# Table A10- BSJA, anyone explain please? :) Also, Winter Novice qualifiers?



## KatB (30 November 2010)

As above really! What is the score with A10 please? I know it can get huge, lol!

Also, has anyone done the 1.10 winter novice qualifiers? I am thinking they aren't likely to be suitable for a horse who would have only done 1 or 2 1.10 classes.... !? 

Thank you!


----------



## flyingfeet (30 November 2010)

Winter Novice - err no thanks 1.10m first round, 1.20m in second round and 1.30m in the jump offs! 

Think I remember Gadget reports on how massive they were!


----------



## _EVS_ (30 November 2010)

Table A10 if its 1.10m or under the second half of teh course is 5cm bigger than first half and then jump off another 5cm bigger.....


----------



## deskbound (30 November 2010)

I think I did one of these in the summer, it was advertised as a 1.15 but after first 4 fences it was 1.20 "insert green faced smiley".... all the way home....


----------



## KatB (30 November 2010)

haha Jen_Cots, we won't bother with that then  thank you! It's at Arena UK, so will be up to height definitely! lol!
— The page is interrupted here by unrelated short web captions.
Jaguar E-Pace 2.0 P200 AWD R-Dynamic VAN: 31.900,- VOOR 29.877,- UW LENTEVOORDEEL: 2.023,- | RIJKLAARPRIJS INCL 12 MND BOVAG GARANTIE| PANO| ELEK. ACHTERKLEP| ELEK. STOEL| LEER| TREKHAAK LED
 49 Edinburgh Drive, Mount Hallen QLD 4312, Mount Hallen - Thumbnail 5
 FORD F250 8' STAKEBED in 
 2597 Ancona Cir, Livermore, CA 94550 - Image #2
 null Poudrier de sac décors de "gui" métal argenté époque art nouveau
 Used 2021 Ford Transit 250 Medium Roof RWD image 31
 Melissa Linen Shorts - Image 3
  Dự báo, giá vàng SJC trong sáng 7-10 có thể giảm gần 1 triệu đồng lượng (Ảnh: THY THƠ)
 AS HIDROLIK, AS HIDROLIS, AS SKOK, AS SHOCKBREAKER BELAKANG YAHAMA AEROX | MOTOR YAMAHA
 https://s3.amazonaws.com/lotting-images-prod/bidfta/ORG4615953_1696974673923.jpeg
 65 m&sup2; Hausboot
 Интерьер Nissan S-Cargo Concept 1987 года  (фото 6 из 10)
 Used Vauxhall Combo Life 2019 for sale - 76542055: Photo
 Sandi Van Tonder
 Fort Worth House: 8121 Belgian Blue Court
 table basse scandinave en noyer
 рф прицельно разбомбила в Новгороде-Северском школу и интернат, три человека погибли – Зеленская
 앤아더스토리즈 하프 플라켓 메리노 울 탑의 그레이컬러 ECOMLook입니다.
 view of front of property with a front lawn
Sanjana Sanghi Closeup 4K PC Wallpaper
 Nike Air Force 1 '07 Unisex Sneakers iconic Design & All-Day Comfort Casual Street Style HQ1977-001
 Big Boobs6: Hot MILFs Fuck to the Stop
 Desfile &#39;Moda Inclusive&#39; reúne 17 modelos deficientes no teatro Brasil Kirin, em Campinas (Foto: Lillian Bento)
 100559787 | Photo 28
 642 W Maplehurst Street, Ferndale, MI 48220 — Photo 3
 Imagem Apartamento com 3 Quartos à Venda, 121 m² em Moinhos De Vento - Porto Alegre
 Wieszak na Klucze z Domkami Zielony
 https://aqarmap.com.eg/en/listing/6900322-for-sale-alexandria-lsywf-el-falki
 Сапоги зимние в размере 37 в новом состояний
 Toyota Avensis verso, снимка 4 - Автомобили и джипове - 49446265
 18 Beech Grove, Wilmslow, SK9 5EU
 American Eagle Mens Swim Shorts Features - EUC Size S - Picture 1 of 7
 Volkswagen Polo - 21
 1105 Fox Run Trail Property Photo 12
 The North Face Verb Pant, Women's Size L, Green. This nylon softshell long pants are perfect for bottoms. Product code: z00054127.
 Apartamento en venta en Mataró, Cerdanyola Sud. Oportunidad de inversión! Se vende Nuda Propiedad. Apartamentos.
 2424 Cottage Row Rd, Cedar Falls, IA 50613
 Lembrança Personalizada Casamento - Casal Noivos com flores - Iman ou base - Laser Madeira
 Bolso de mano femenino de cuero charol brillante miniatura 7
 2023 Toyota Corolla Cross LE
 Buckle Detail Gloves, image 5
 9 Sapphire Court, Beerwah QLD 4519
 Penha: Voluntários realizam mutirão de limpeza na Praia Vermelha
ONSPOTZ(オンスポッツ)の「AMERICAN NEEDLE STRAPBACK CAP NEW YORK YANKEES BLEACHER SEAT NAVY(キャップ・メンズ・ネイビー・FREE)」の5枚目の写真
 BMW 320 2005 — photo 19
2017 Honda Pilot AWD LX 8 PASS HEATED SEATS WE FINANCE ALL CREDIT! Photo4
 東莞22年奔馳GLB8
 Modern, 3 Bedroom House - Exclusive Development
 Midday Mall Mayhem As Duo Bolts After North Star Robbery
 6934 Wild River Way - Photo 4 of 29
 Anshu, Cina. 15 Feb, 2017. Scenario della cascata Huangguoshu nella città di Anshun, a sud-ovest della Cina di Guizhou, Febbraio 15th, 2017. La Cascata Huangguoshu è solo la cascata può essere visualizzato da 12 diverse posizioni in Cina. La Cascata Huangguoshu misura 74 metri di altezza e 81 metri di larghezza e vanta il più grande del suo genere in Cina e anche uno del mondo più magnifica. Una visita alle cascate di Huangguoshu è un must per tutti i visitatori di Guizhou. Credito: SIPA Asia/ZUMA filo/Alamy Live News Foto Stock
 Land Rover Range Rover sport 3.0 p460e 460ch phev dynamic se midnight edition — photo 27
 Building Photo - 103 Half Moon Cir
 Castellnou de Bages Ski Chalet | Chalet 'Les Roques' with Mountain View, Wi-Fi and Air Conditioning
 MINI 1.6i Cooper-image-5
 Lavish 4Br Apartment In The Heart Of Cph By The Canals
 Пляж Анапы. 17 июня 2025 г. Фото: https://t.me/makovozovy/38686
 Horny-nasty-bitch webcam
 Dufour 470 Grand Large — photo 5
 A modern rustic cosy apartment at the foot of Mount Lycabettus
_EVS_ that's great, thank you


----------



## Tinks81 (30 November 2010)

it really does depend where you go i saw one the other day at Crofton and wasnt that big - they have actually changed them since Gadget did them as someone said 1st round 1.10 second round 1.20 then 3rd round 1.30 

now they just have 2 rounds the first being 1.10 first half then 1.20 second half - supposed to be 1.30 in JO but havent seen any this year that ar eyet!!


----------



## KatB (30 November 2010)

Thanks Tinks, it's meant to be table A10 at 1.10, so should be 1.10-1.15, then 1.20 JO in theory...but I am presuming not!? I think we will probably sideline that idea and find somewhere nice to have a crack at Newcomers instead


----------



## Tinks81 (30 November 2010)

KatB said:



			Thanks Tinks, it's meant to be table A10 at 1.10, so should be 1.10-1.15, then 1.20 JO in theory...but I am presuming not!? I think we will probably sideline that idea and find somewhere nice to have a crack at Newcomers instead 

Click to expand...

yes yes sorry your right the ones gadget did ended at 1.30 !!

why dont you pop along and have a look though then you will know for next time xx


----------



## KatB (30 November 2010)

Yeah may well do that, thanks   Though the next time will probably be next year... mare bag is only 5, and I'm a bit of a muppet still  , so not going to push things too soon


----------



## Mavis007 (30 November 2010)

I did the Winter Novice qualifier at The Hand last year. The first half of the course was 1.10, the second 1.20. It was very technical and had some very very nice horses in. I had done a few 1.10s with some placings and double clears, but it was a bit of a step up. I have to say I was very glad I didn't make it to the jump off which seemed enormous! I would say you need to be established at fox level to stand any chance at all as they went like grease lightening in the jump off


----------



## almorton (30 November 2010)

you need a heavy right foot  
fast and furious!


----------



## JenniferB (3 December 2010)

Kat I was actually watching back the video of my round at a Winter Novice qualifier early on this year just last night.  As everyone else has said it's always a strong class, I've jumped a few of them and they're usually pretty technical and on the large side.  The one I did most recently most of the first section was 1.10m, but the second section of the first round was strong enough (I was very green coming out of the course walk...), there were a few fences that were closer to 1.25m than 1.20m - never been so glad to role a pole because the jump off was massive (and very fast and furious!).  I could try to be technical and upload the video tonight, might be beyond my capabilities but would give you an idea?


----------



## KatB (3 December 2010)

Thanks JB! I have pretty much ruled out doing it, I am not capable enough to jump that size tracks yet...!! Also not getting chance to jump enough at home, so even jumping Newcomers will be on hold for a bit I think... no hurry! Will be good to see the video though


----------



## JenniferB (3 December 2010)

My Newcomers plans are falling by the wayside as well - not jumped a stick for the past fortnight grrr.  Hoping the weather will break a little at the weekend so that I can get to the intro at Rowallan just to actually jump something!  Will try to work out how to post the video tonight if I get a chance - could be a bit technical but I'll try...


----------



## MagicMelon (3 December 2010)

Gets pretty big as people have said.  I've done some of these and have definately ended up jumping bigger in what starts as a 1.10m class than a usual 1.20m class for example.  The last one I did, the jump off was probably the biggest I've ever done!  I had done several 1.20's and loads of usual 1.10's before I did it.


----------



## diamondfs_85 (3 December 2010)

i did one before they changed it to a10 and had been jumpimg newcomers and 1.15's and i remember it being the biggest 1.10 id ever seen! it was massive and technical!


----------